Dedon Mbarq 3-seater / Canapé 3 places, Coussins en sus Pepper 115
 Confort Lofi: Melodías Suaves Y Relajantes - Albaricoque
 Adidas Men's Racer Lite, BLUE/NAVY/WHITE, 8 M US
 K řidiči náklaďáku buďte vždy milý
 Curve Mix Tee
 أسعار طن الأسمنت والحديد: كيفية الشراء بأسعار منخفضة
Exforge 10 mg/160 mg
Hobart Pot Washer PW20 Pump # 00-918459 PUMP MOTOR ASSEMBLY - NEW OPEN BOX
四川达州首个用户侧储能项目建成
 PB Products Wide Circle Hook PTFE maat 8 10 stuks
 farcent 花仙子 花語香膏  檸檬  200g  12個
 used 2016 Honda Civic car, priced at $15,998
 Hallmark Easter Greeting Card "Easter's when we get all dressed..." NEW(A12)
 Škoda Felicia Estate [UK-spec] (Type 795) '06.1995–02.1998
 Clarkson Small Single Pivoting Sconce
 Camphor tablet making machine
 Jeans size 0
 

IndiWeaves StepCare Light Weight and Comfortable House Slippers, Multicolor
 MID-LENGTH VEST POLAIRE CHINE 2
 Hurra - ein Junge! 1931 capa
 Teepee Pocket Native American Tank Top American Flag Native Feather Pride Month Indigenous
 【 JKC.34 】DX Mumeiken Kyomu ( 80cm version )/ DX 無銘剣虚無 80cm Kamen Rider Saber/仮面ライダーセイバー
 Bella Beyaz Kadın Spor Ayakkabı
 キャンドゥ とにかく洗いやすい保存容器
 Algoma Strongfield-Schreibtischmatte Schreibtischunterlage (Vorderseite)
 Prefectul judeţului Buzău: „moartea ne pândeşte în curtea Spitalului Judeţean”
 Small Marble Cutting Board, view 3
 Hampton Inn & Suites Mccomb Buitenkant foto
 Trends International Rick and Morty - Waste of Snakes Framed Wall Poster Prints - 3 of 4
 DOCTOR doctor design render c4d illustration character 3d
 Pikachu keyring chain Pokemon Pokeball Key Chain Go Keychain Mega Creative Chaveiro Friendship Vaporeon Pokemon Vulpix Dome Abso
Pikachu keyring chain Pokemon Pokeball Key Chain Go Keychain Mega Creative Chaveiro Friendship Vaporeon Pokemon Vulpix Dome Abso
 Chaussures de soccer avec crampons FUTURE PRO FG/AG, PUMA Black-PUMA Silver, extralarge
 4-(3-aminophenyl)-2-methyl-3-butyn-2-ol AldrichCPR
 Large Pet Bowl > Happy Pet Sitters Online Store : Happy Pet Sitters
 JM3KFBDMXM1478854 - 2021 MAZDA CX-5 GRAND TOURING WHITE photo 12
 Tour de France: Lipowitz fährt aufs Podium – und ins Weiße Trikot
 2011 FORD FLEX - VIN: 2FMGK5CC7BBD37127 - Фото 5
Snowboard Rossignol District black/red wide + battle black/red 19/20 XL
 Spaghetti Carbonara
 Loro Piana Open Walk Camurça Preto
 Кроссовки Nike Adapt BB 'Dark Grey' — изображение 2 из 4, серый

● **To do**: Look through the listing and return each line containing the word "Abso".

● **Output for this exercise**:
 Pikachu keyring chain Pokemon Pokeball Key Chain Go Keychain Mega Creative Chaveiro Friendship Vaporeon Pokemon Vulpix Dome Abso
Pikachu keyring chain Pokemon Pokeball Key Chain Go Keychain Mega Creative Chaveiro Friendship Vaporeon Pokemon Vulpix Dome Abso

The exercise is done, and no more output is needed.